Feature focus: Demoting errors and Transaction snapshots
Building a product is hard. Perhaps the biggest challenge in building a product is to think through all the different permutations in which a user would interact with the app. To be able to anticipate the expectation of the user and fulfill it, is what separates great products from good ones. Here are a couple feature highlights which we have baked into Plumbr, based on where we anticipated our users would step off the happy path.
Feature #1: Demoting errors
The vision of Plumbr is to make software more reliable for users. We achieve this is by monitoring application usage, detecting failures, communicating it back to engineering teams, and acknowledging when errors have been fixed. Plumbr observes traffic, and flags errors by checking response codes.
A binary classifier typically has four outcomes – a hit, a miss, a false alarm, and rejection. For Plumbr, this manifests as either errors or success. Ambiguity arises because of the possibility of denoting errors just on the basis of response codes.
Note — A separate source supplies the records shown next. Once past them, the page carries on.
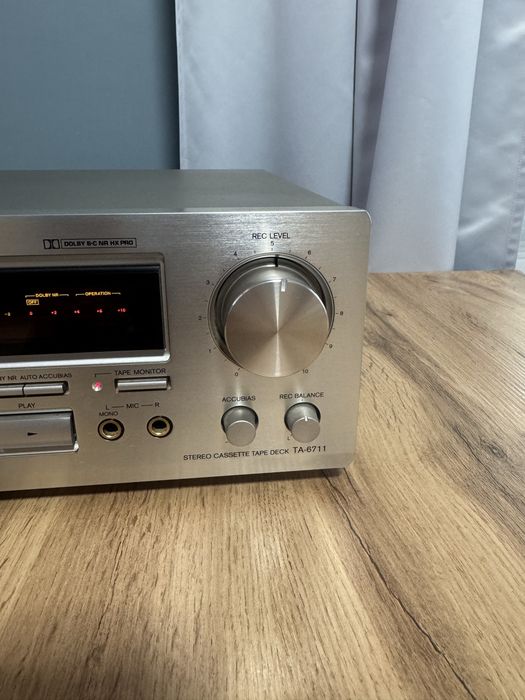 Vand Deck Onkyo integra TA-6711
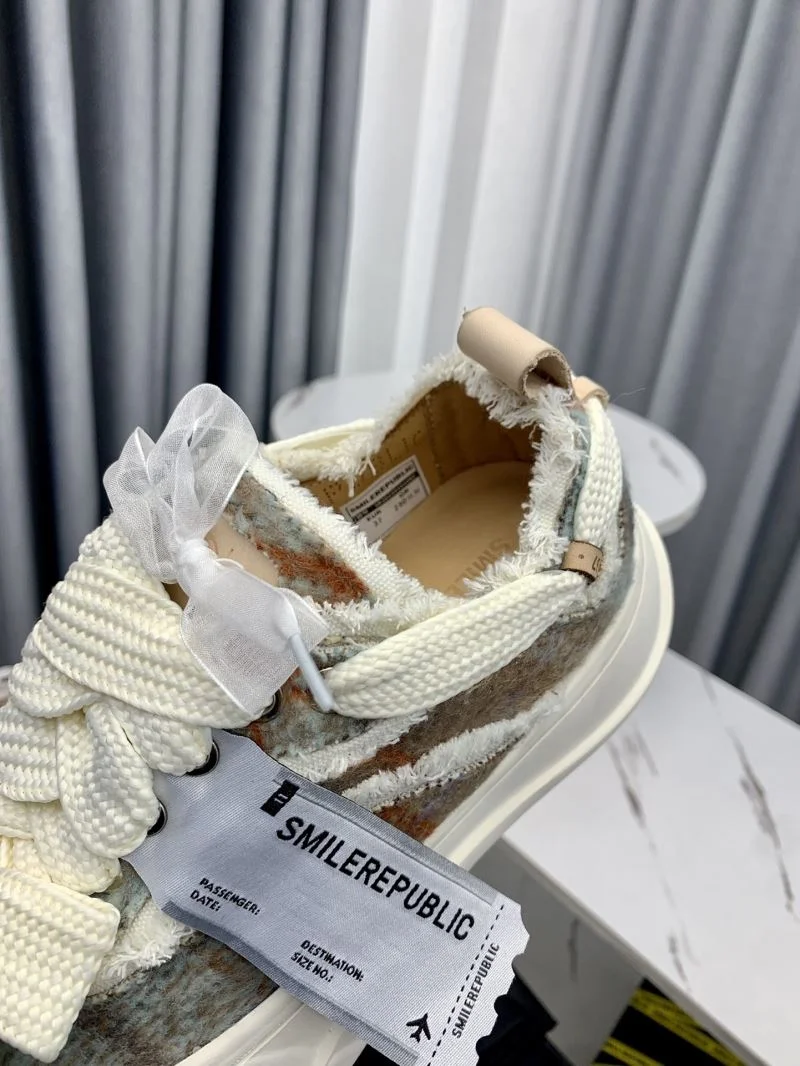 Smilerepublic Shoes Classic 8921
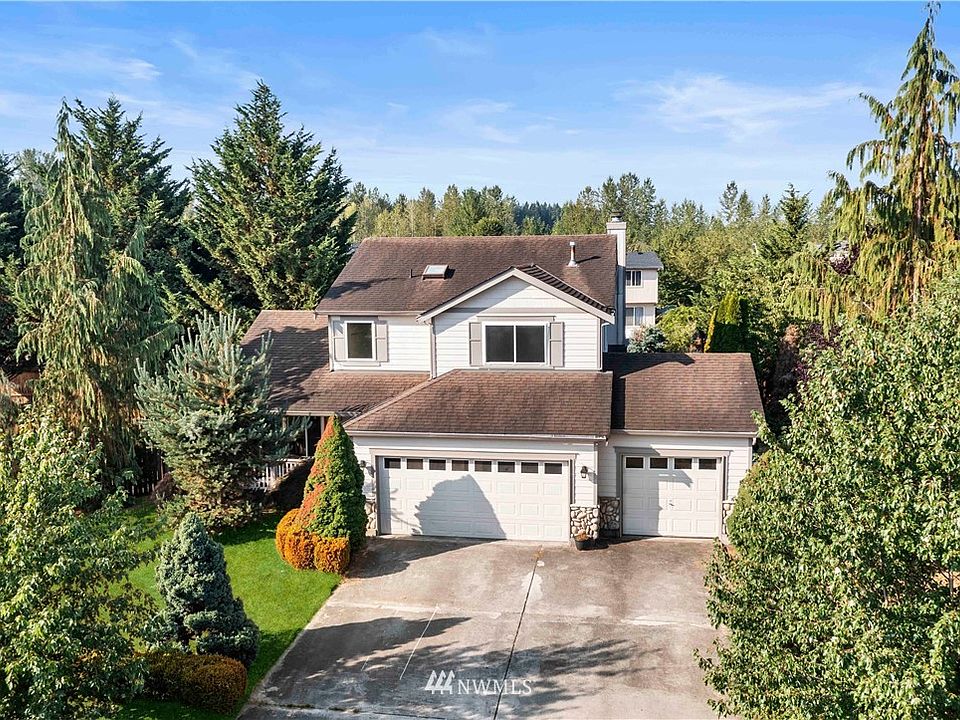 Welcome home to this ideally situated lot in a quiet, established neighborhood!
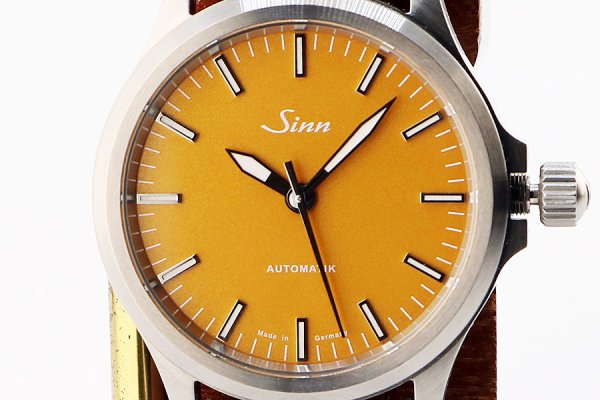 ジン　５５６　シトリンイエロー文字盤　表面拡大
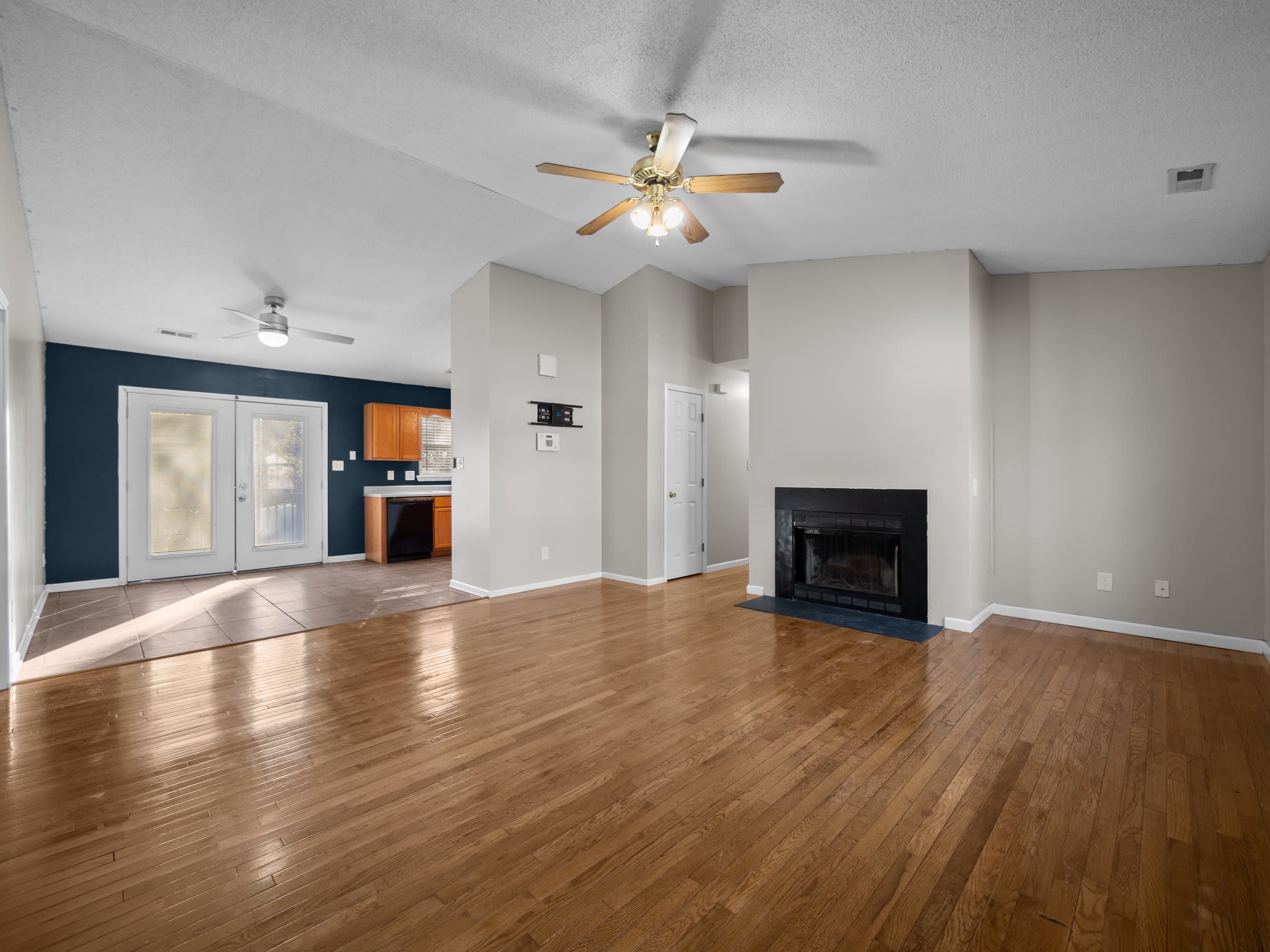 218 Winterberry Court – photo 2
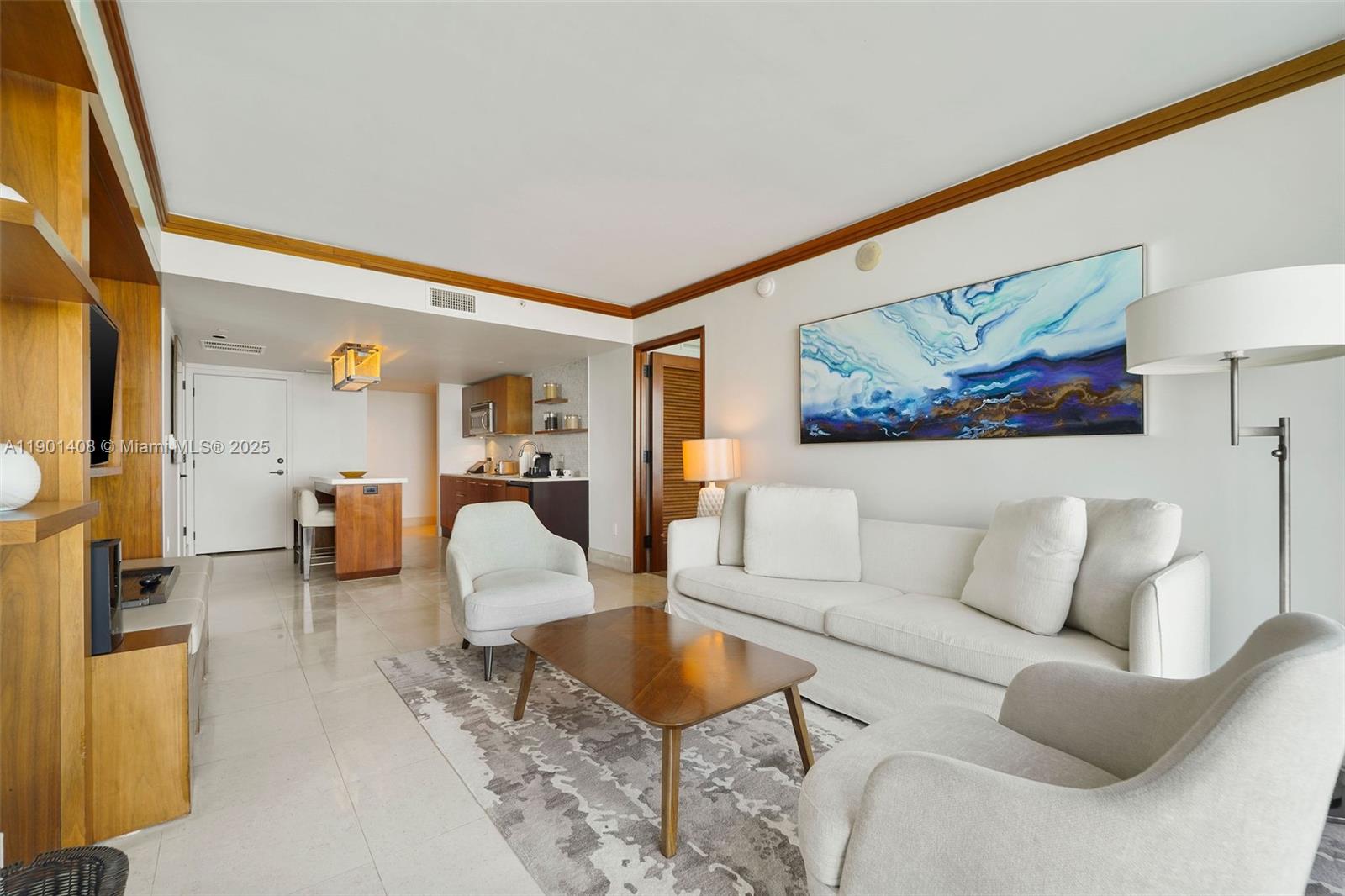 6801 Collins Ave #422, Miami Beach FL 33141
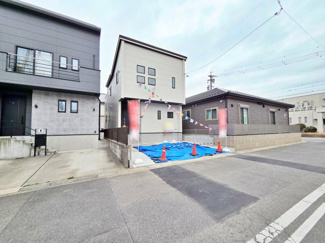 【前面道路含む現地写真】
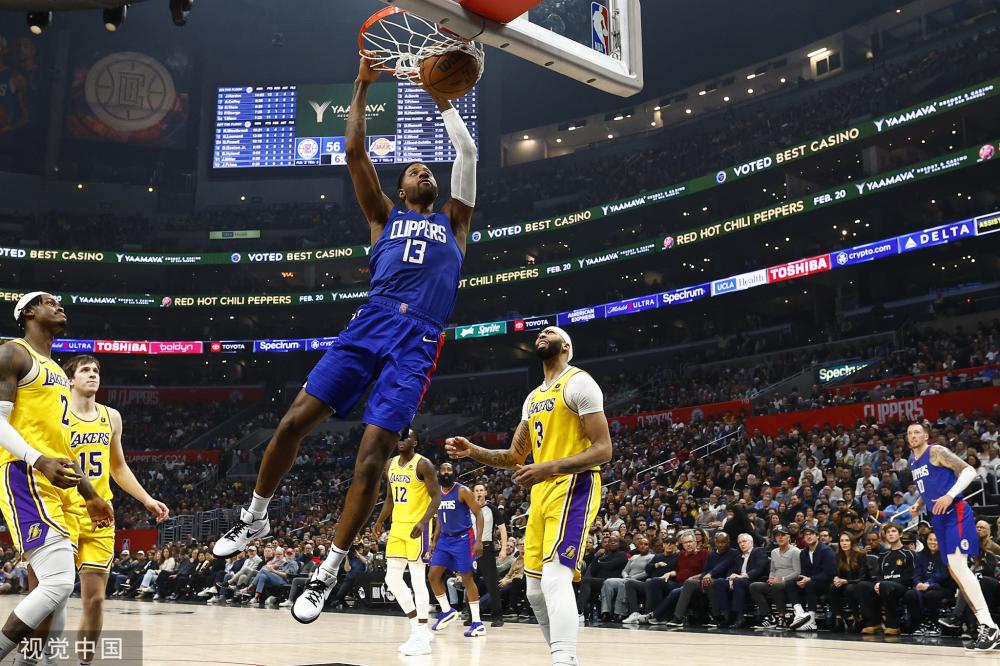 多次表现出 多次表现出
Owing to engineering decisions, there could be some transactions classified as errors, when they are actually not. The reason – custom response codes. There are cases when a user interaction in an application that we monitor is not handled correctly technically, but it’s still considered a success from the end user’s point of view
Typically, web applications are built following the IANA standard for response codes. Plumbr too is built upon this premise. However, many business applications use custom codes or interpret IANA response codes with variation. to denote certain events. These are flagged by Plumbr as errors, because they don’t conform to the IANA standard of success codes.
Plumbr’s users have the option to flag these false positives, upon their conviction that these don’t impact the end-user’s experience (assuming an error detection is a positive outcome). This way, these errors are prevented from appearing in the list of errors captured, and also aren’t aggregated in the dashboards. In the product we call this Demoting errors.
For purposes of reporting, classification, and separation of concerns, we’ve seen this feature being used. One specific case reported back to us was that one team was responsible for a web-service, and another for authentication. They wanted to suppress all the errors thrown by the authentication service from appearing on their dashboards. They simply demoted the error, and they had a much clearer picture from their Plumbr dashboard.
Feature #2: Transaction snapshots
One of the major benefits provided by Plumbr is the capturing of call traces that run many levels deep. Periodically, Plumbr also captures thread dumps. By combining these, Plumbr has all the information required to ascertain the cause of failures and bottlenecks.
On occassion, interfacing with legacy applications could cause of performance bottlenecks. These codebases usually integrate using old remote method invocation mechanisms. This could result in Plumbr not having sufficient contextual information to provide sophisticated support as other methods. This constraint can be overcome by employing a fallback mechanism known as Transaction snapshots.
Plumbr periodically captures thread dumps from the environment that is executing the transaction. These snapshots are spawned at increasing intervals, and are purged if the transaction neither fails not is slow or stuck. Plumbr adds value by assimilating the call stacks from the thread dumps into a tree-structure. The branches are ordered by frequency of occurrence.
This way, there is enough information available for engineers to begin fixing issues. A screenshot follows, which shows the same kind of contextual information like other bottlenecks.
There is further investigation we’re doing about how we can improve classification. We’re also planning on integrating deeply with many more tech stacks like Node.js, php, Django, .NET and others. Watch out for these and many more configuration options in future releases.